これが、Photographに対抗意識をむき出しにしたかのような、強烈な郷愁に襲われる、ノスタルジックでセンチメンタルなバラード。
これをポールが歌うと、あざといというか、間違いなくやり過ぎと感じられるだろうけど、リンゴが歌うとそれがきわめて自然に感じる。
ビートルズのGood Nightもジョンが作曲したもののジョンが歌うとやり過ぎと感じてリンゴが歌った、ということにもつながってくる。
この曲は、気持ちが弱い時に聴くと倒れてしまいそう。
いろいろな意味でさすがはポール。
9曲目Devil Woman
リンゴとヴィニー・ポンシア共作。
ロックではよくある、前の曲でしんみりとやり過ぎたことの照れ隠し、軽快なホンキートンク。

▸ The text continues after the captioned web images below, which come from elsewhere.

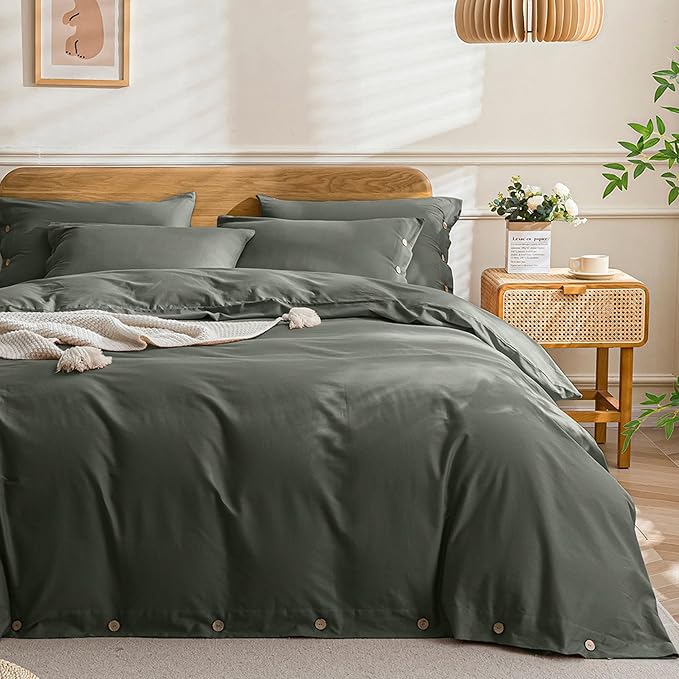 JELLYMONI Cotton Duvet Cover Queen Size - Gray Comforter Cover with Button 100% Washed Cotton 3PCS Breathable Soft Solid Bedding Set Duvet Cover 90×90in & 2 Pillowcases (NO Comforter)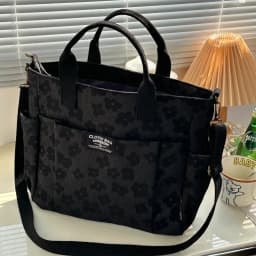 3D Floral Design Tote Bag, Thickened Zipper, Multifunctional Canvas Bag, Student Computer Handbag Shoulder Crossbody School Bag,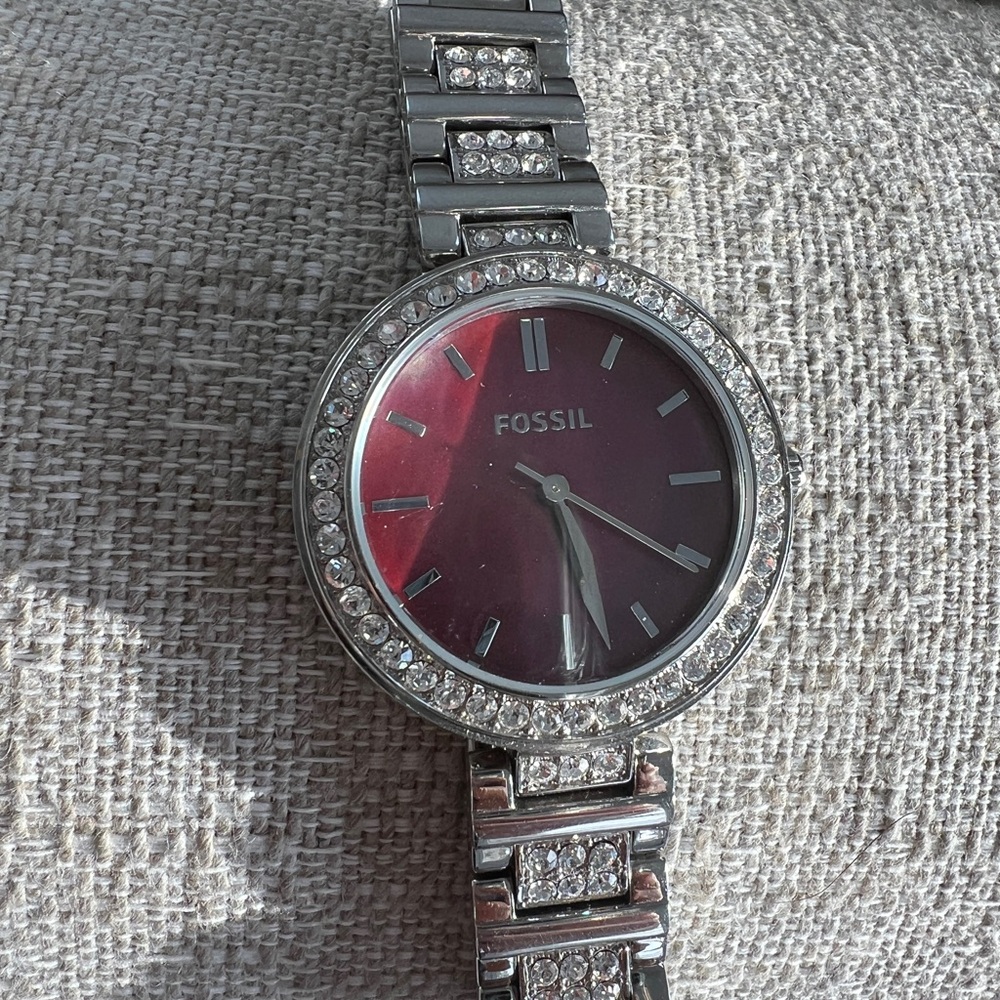 FOSSIL KARLI CRYSTALS SILVER BURGUNDY MOP WOMEN'S BQ3904 WATCH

歌詞の中にSexy Sadieが出てきて、彼女は悪魔の女だと歌いますが、でもSexy Sadieは「彼」じゃなかったか・・・
なんて重箱の隅をつつくようなことは言わない(笑)。
10曲目You And Me (Babe)
アルバム本編最後はジョージ・ハリスンとビートルズのローディを務めていたマル・エヴァンスの共作。
ショーの最後らしく別れを惜しむような曲。
後半で、"Goodbye everybody"と言った後、参加した人を、全員ではないけれど名前を挙げて感謝の念を表しているのがいかにもリンゴらしい。
登場順にジム・ケルトナー、クラウス・ヴォーアマン(と発音しているように聞こえる)、ニッキー・ホプキンス、ジョージ・ハリスン、ジョン・レノン、ポール・マッカートニー、リチャード・ペリー(プロデュースした人)、ヴィニー・ポンシア(友だちでもある)、と。
この名前を読み上げるところのリンゴの声と発音がとってもよくて、聴いていて気持ちいい。
しかし、名前を挙げていない人について考えてみると、マーク・ボラン、スティーヴ・クロッパー、マーサ・リーヴス、ザ・バンドの面々、みな名の知れた人だから、もしかしてレコード会社の権利関係で明かせないのかな、といつものように邪推してみました(笑)。
11曲目It Don't Come Easy
ここから3曲はボーナストラック。
リンゴ自作で、ソロになって初のTop10ヒットを記録した代名詞的な曲、最高4位。
「明日への誓い」、あの「バングラデシュ・コンサート」でもおなじみ。
ジョージが主に関わっていますが、他にギターにはスティーヴン・スティルスが、またバッドフィンガーのピート・ハムとトム・エヴァンスもコーラスで参加とやはり周りに恵まれていますね。
この曲は僕がビートルズを聴き始めた中2の時にNHK-FMでエアチェックして聴いて一発でとっても気に入った思い出の曲でもあります。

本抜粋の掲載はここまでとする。